Ne yazık ki, bu ülkede suçlular ancak tesadüflerin ve doğanın gazabının bir sonucu olarak ortaya çıkmaktadır. Ancak suçlular öyle güçlüdürler ki, onların suçlarının ortaya çıkması masumların felâkete uğraması pahasına gerçekleşmektedir.
Deprem bir doğa olayı olsa da, deprem bölgesine imar izni verenler pişkin bir şekilde bu felâketi Allah’a bağlıyorlar. Şahsen ben sayısız bebeği (uyurken meleklerin onları zevkle seyrettiği söylenen minikleri) anne ve babasız bıraktığını düşündüğüm bir Tanrı’ya inanmazdım. Ama babasız büyüyüp de, bir depremde tüm çocuklarını ve karısını kaybeden bir adamı -tıpkı kızma birader oyunundaki gibi- başa döndüren eğer Tanrı ise dindar olmanın bir anlamı bulunamazdı.
“Depremde yıkılmayan evlerin üzerinde Allah yazıyormuş” türünden tevâtürleri yayanlar da, bunlara inananlar da, bu ülkede irrealitenin günlük bir olay haline geldiğinin ispatıdır. Bu dinci sabuklamalara karşı gösterilen toleransın artık insanı bezdirecek boyutlara geldiği ve bundan sonra bu tür sabuklamalara karşı bilimsel bir direniş hakkının doğduğu ayan beyan ortaya çıkmıştır.
Dinci partinin eski lideri, utanmadan, sanki Tanrı’dan işitmiş ve onun sözcüsüymüş gibi bu depremin ondan geldiğini, yolunu şaşıranlara bir uyarı olduğunu söyledi.

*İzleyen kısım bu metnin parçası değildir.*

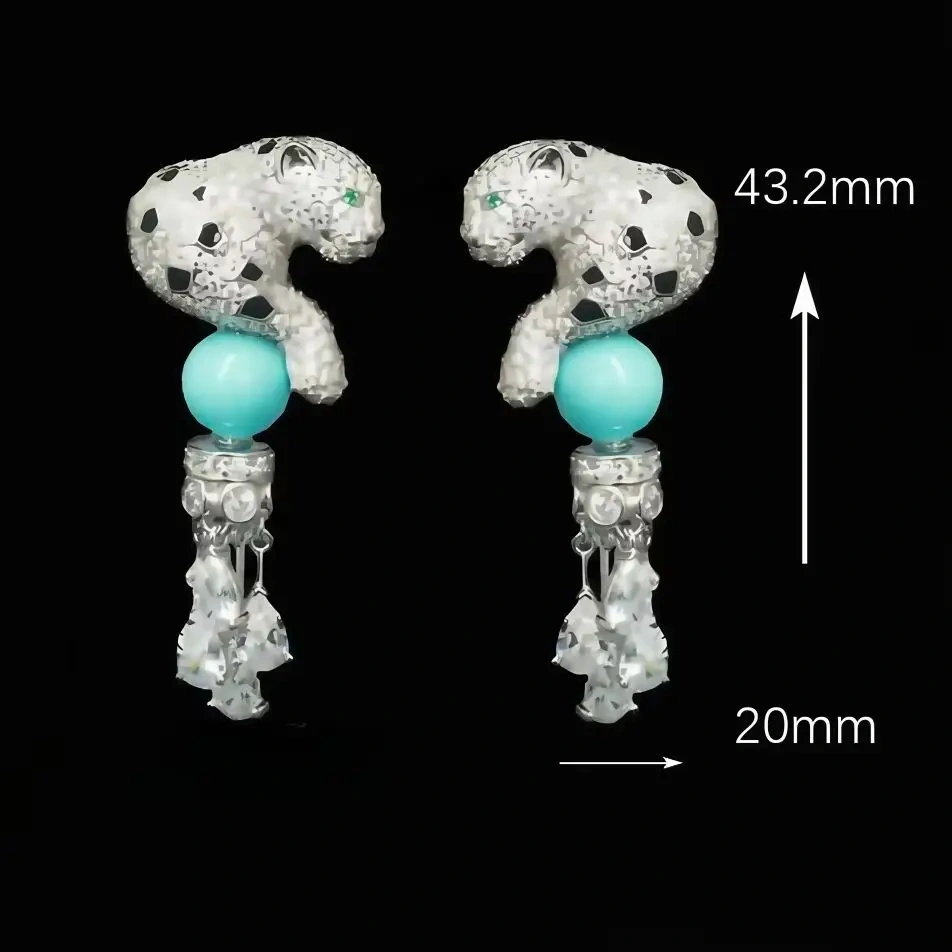 WinkinWinsin Brand s 925 Sterling Silver Leopard Earrings Carbon Diamond Blue Turquoise Gemstones Tassel Drop Earrings Jewelry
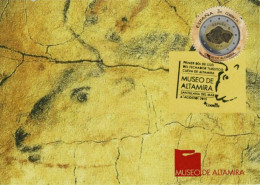 2015 Card With Rock Art Cancellation, Prehistoric Bison Of Altamita And Special Stamp Of Altamira - Archäologie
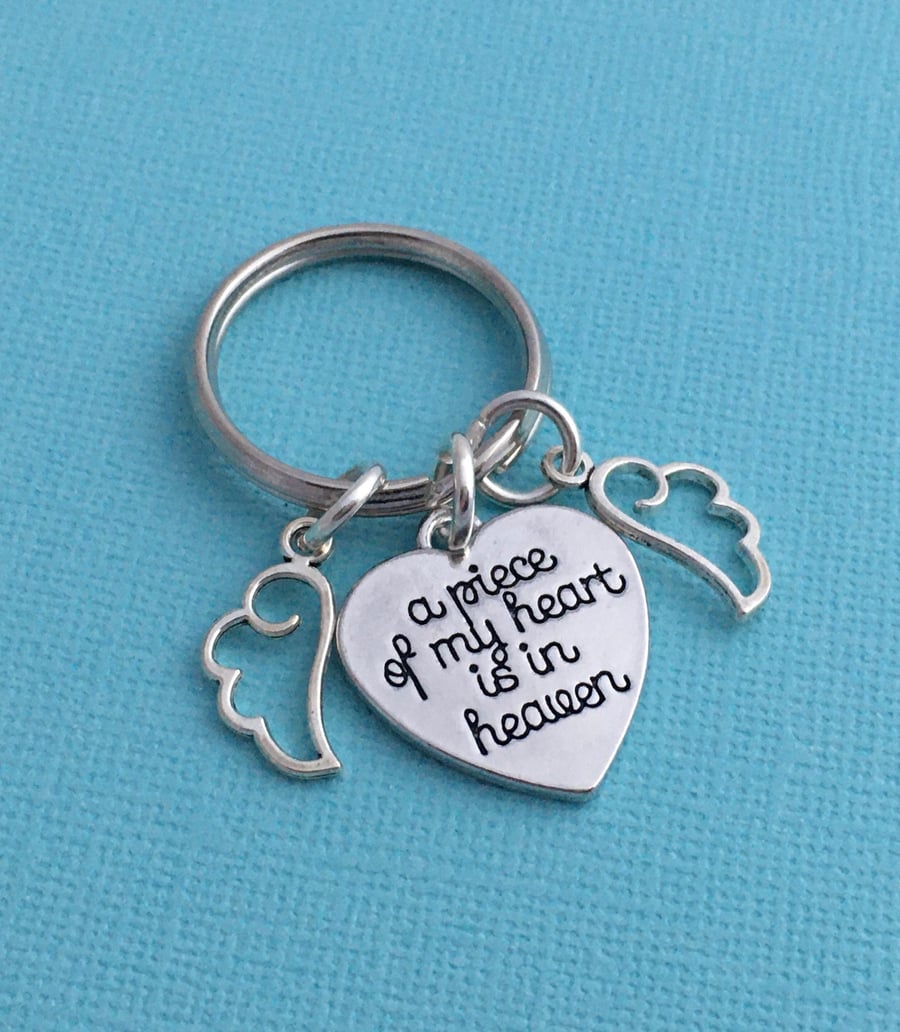 A Piece of My Heart is in Heaven Angel Wings Condolence Keyring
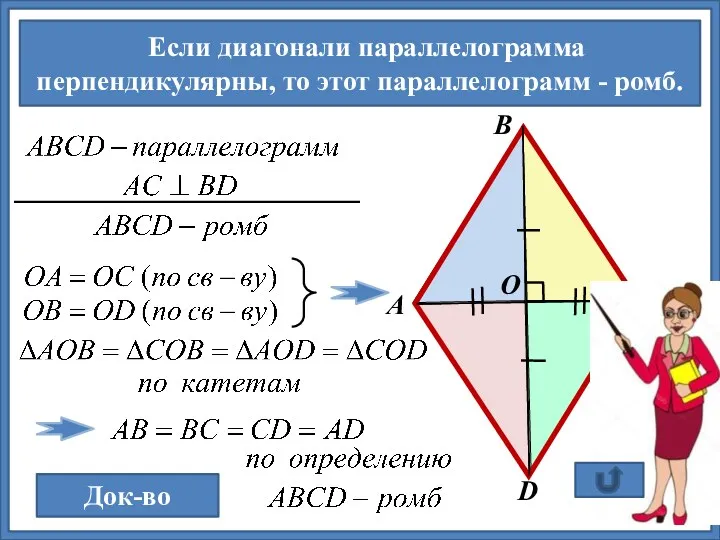 Если диагонали параллелограмма перпендикулярны, то этот параллелограмм - ромб. Док-во А В С D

Dinci televizyonlar “uyurken gelecek olan gazaptan” söz eden ayetleri, sanki insanların acısıyla alay eder gibi yayınlayıp Tanrı’yla insanlar arasında bir tür mesaj taşıyıcı rolüne soyundular. Dinciler İmam Hatipleri kapatan askerlerin başına binanın çöktüğünü söylerken, ellerini oğuşturma isteklerini zor bastırır gibiydiler.

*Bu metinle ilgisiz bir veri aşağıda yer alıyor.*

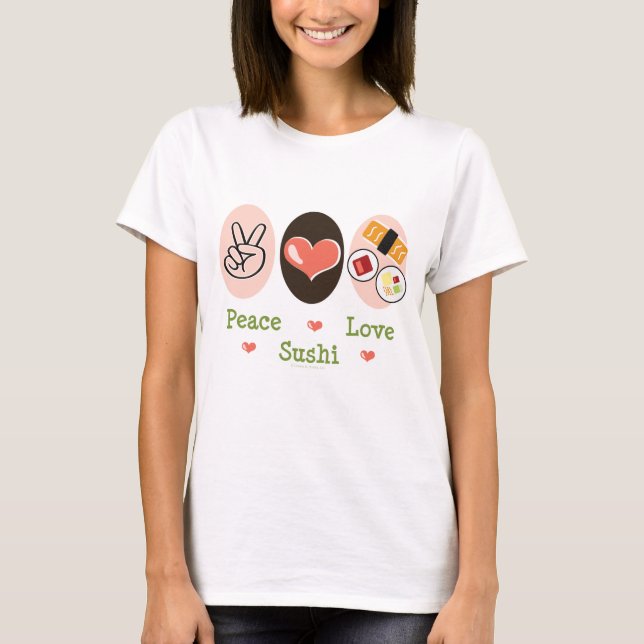 T-shirt de sushi d'amour de paix (Devant)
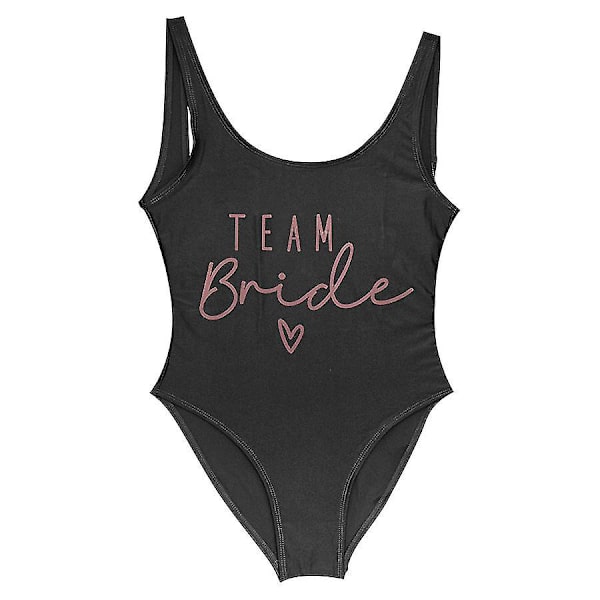 S-3xl Print Team Bride Badedragt i ét stykke Kvinder Badetøj Polterabend Badedragt Sommer Strandtøj Badedragt rose black rose black M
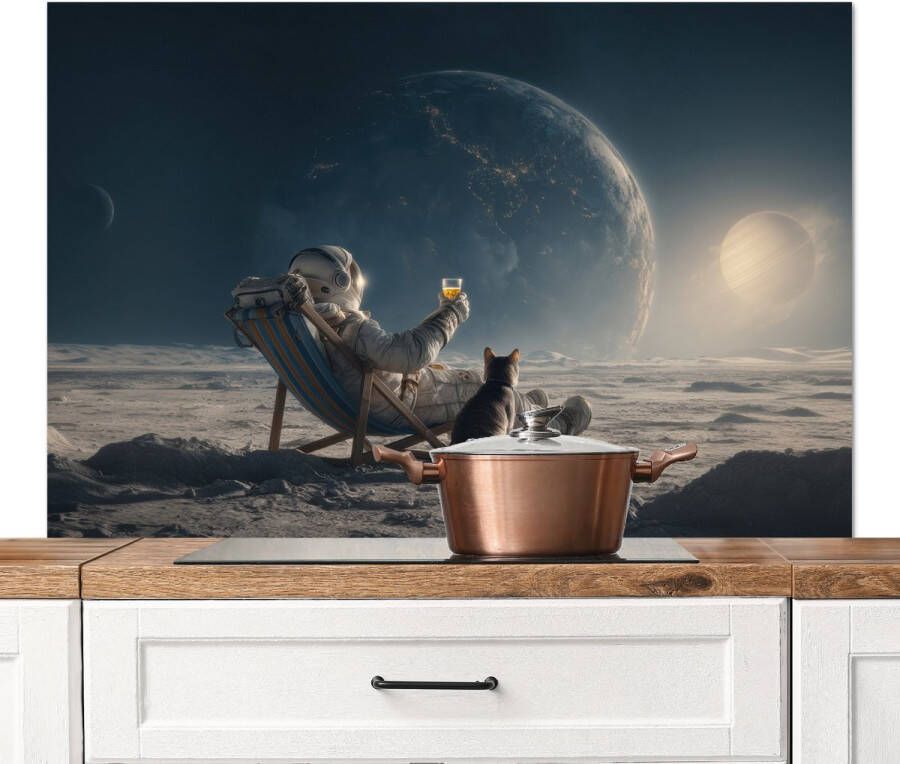 KitchenYeah Spatscherm keuken 120x80 cm Kookplaat achterwand Maan Kat Astronaut Ruimte Muurbeschermer Spatwand fornuis Hoogwaardig aluminium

Bütün bunlar bir fikir enkazı değilse nedir?
Din bezirganlarının, mafya babalarının, müteahhit çıkarlarını kollayan partilerin, devleti korumak adı altında faaliyet gösteren eroinci çetelerin, halkın parasını uğruya yedirenlerin, kırk yıldır tepemizde öbeklenmiş ihtiyarların artık hep enkaz olarak kalmalarının zamanı gelmedi mi? Halk “yeter” diye daha ne kadar bağıracak?

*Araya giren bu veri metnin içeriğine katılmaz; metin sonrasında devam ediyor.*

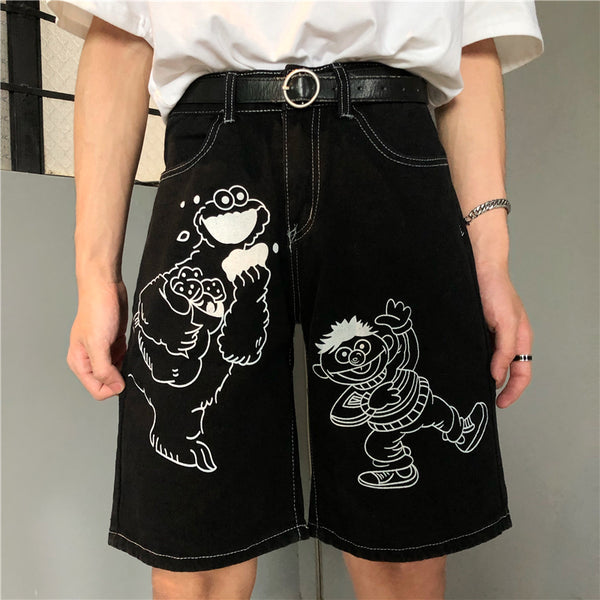 Couple cartoon printed denim shorts YC21796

İronik ama şu da doğru: Halkımız bizi yönetenlere “gidin!” dese de, bu sözüne kendisi bile inanmaz haldedir. Çünkü hem ne gidin denenler gidecek, ne de gelin diyenler bunu istediğinden emin olacaktır. Bu yüzden bu halk cemaat olmaktan çıkıp cemiyet ilişkilerini öğreninceye kadar duygusal bir şamar oğlanı olarak kalmaya mahkûmdur.
Çünkü bu halk kendisini eşşek gibi çalıştıran, kalın bir sopayla döven, döşek yerine hasırda yatıran zalim babanın bayram günü elini öptürme lütfu karşısında duygulanan küçük bir çocuğa benzer.